Fission products are continuously removed and actinides are completely recycled, while plutonium and other actinides can be added together with U-238, without the need for fuel manufacturing the coolant temperature is 700°C at very low pressure, with 800°C provided. A secondary refrigerant system is used for electricity generation, and thermochemical hydrogen production is also feasible. Compared to solid fuel reactors, MSR systems have lower inventories of fissile material, without the restriction of radiation damage in fuel burn and a homogeneous isotopic composition of fuel in the reactor, attractive features of the fuel cycle concept MSR’s include: high activity waste containing only fission products, therefore, shorter life radioactivity, low fuel consumption and safety due to passive cooling.

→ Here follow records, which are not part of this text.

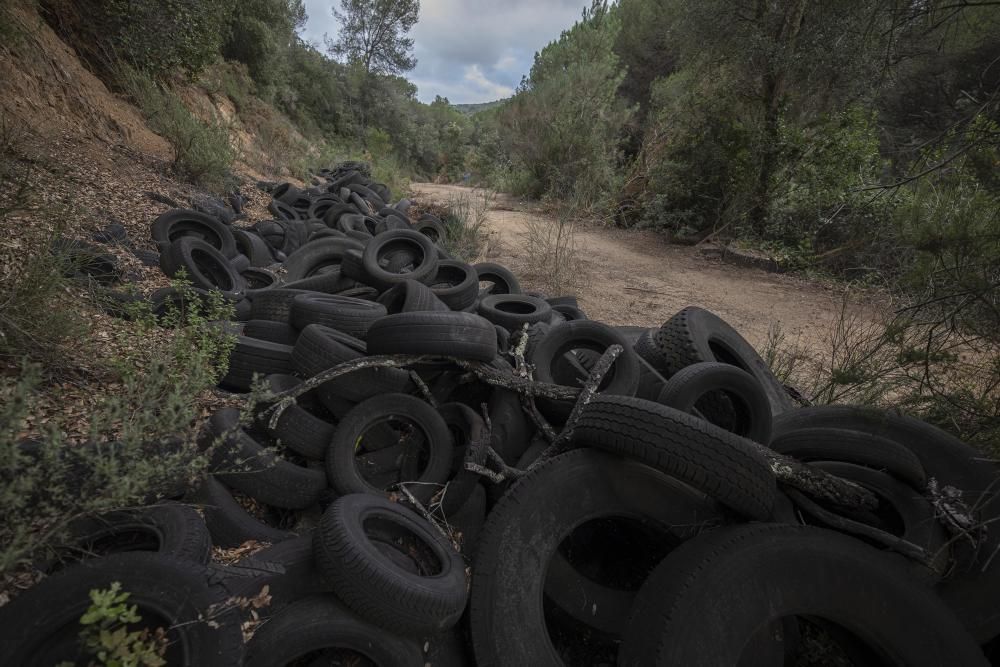 Troben 2.500 pneumàtics abandonats en un antic circuit de karts a Tossa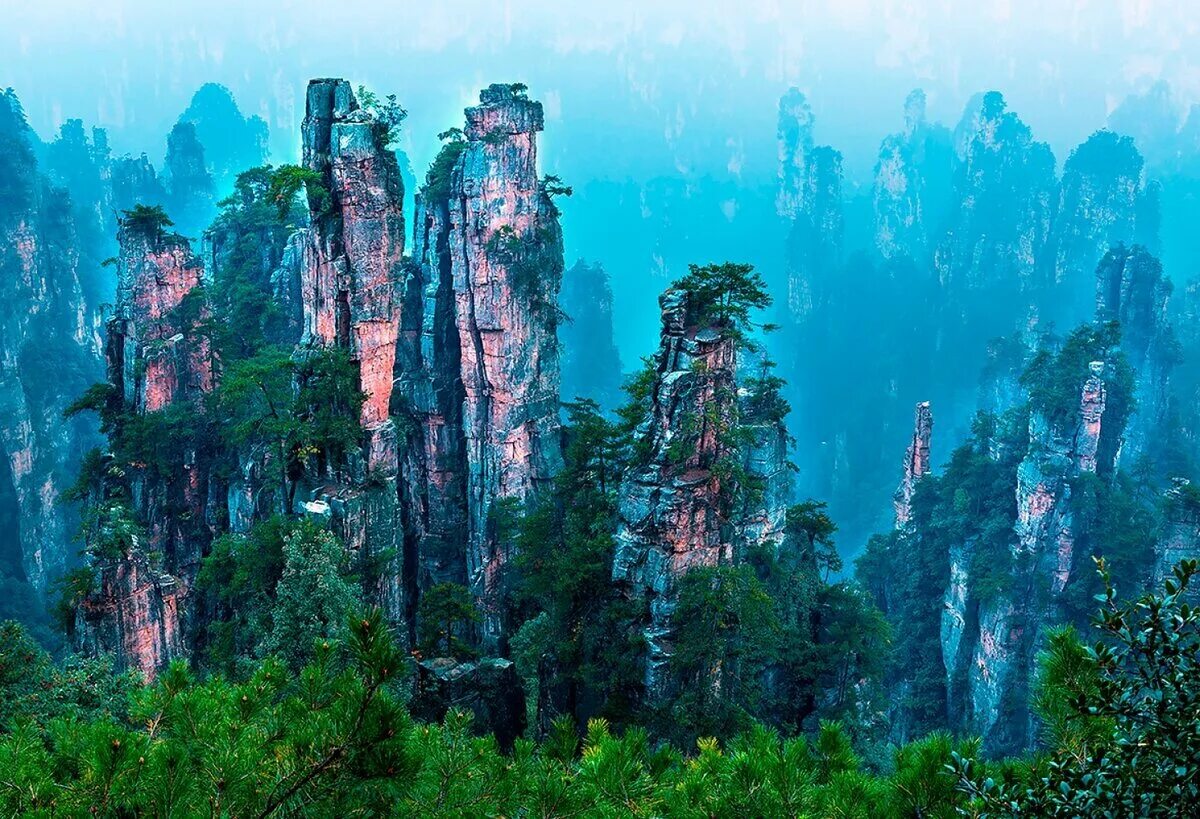 Места которые я хочу посетить. Национальный парк Чжанцзяцзе (провинция Хунань). Национальный Лесной парк Чжанцзяцзе, Китай. Китайские горы Улинъюань в национальном парке Чжанцзяцзе. Китай провинция Хунань национальный парк.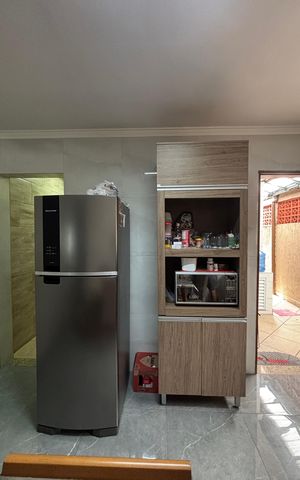 Casa à venda com 100m², 2 quartos e 2 vagas Casa à venda com 100m², 2 quartos e 2 vagasv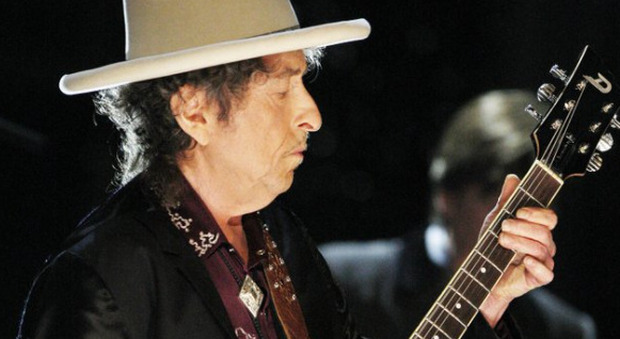 Bob Dylan, i primi 80 anni del cantautore profeta dei diritti civili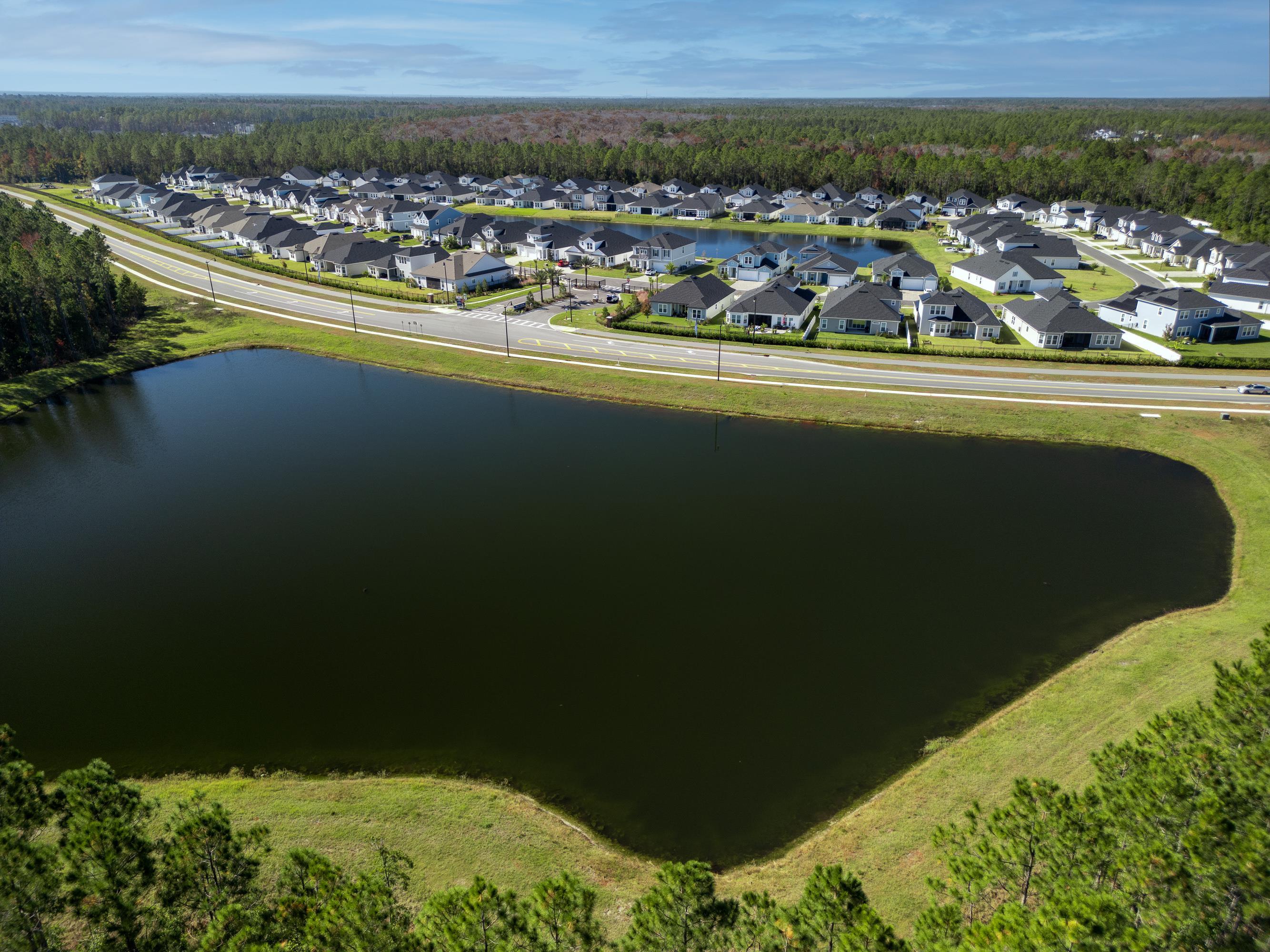 Image 4 of 64 For 158 Holly Ridge Way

The 2014 GIF roadmap said it was necessary to do a lot of work on the salts before the demonstration reactors were operational, and suggested that 2025 be the end of the feasibility R&D phase.

FAST REACTOR REFRIGERATED BY GAS (GFR)

Like other helium-cooled reactors that have operated or are under development, GFRs will be high-temperature units: 850°C. GFRs use a reactor technology similar to VHTR, suitable for power generation, thermochemical hydrogen production or other types of process. The reference GFR unit is 2400 MWt and 1200 MWe with three 800 MWt loops. The primary will be cooled with helium, the secondary will use helium in a gas turbine (Brayton cycle) and a steam cycle will comprise the tertiary circuit would have a self-generating core (reproductive reactor) with a fast neutron spectrum. Nitride or carbide fuels would include depleted uranium and any other fissile material, with plutonium content of 15 to 20% as with the SFR, the fuel used would be reprocessed at the plant itself and all actinides would be recycled repeatedly to minimize the production of long-lived radioactive waste. It is the only Generation IV design with no operational history, so a prototype is not expected before 2022. However, Euratom plans a 75 MWt experimental technology demonstration GFR that will be built from 2018.

EUROPEAN PROGRAM

The European Commission launched in 2010 the European Sustainable Nuclear Industrial Initiative (ESNII), which will support three Generator IV rapid reactor projects as part of the EU plan to promote low carbon energy technologies. Other initiatives that support biomass, wind energy, solar energy, electrical networks, and carbon sequestration are in parallel with nuclear energy. ESNII promotes three nuclear projects: the Astrid sodium-cooled fast reactor (SFR) proposed by France, the Allegro (GFR) gas-cooled fast reactor supported by central and eastern Europe, and the ALFRED (LFR) lead-cooled rapid reactor in Romania. The objective of ESNII is to demonstrate IV Generation technologies to close the nuclear fuel cycle, provide waste management solutions and expand the applications of nuclear fission, with the production of hydrogen, industrial heat, and desalination. The ALFRED LFR technology demonstrator, the European Advanced Lead Fast Reactor, of approximately 300 MWt is considered a prelude to an industrial demonstration unit of approximately 300–400 Mwe.

ALFRED will use mixed oxide fuel (MOX), with approximately 17% plutonium, and will be able to recycle minor actinides. The construction of ALFRED could begin in 2020 and the unit could begin operating in 2025.